THE TASK —
Once the line containing "Nosso Mar Hotel" is found in the records below, return it and each following line exactly, up to and including the line containing "Бумага А4 Performer, 80", and nothing else.

SUPPLIED INFORMATION: Begin

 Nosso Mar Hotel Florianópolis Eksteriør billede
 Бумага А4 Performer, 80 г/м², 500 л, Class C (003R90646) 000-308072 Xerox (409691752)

SUPPLIED INFORMATION: End
SUPPLIED INFORMATION: Begin

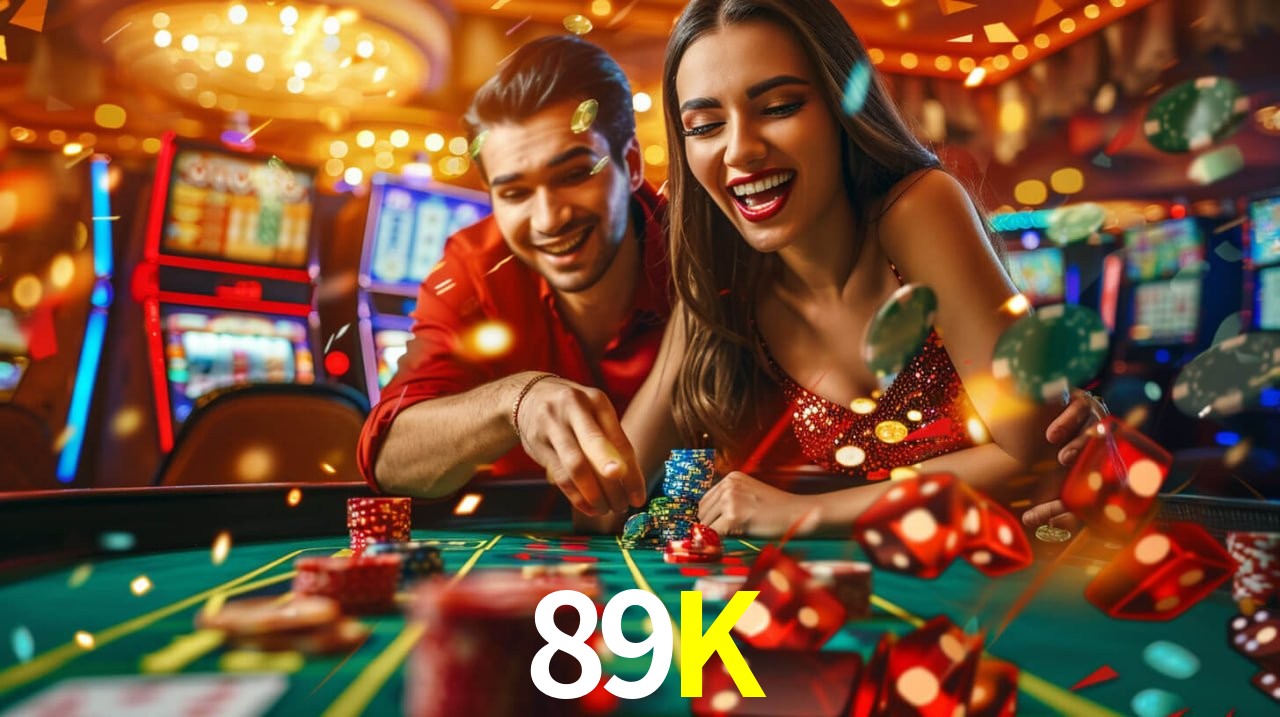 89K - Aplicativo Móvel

SUPPLIED INFORMATION: End

YOUR SOLUTION —
 Nosso Mar Hotel Florianópolis Eksteriør billede
 Бумага А4 Performer, 80 г/м², 500 л, Class C (003R90646) 000-308072 Xerox (409691752)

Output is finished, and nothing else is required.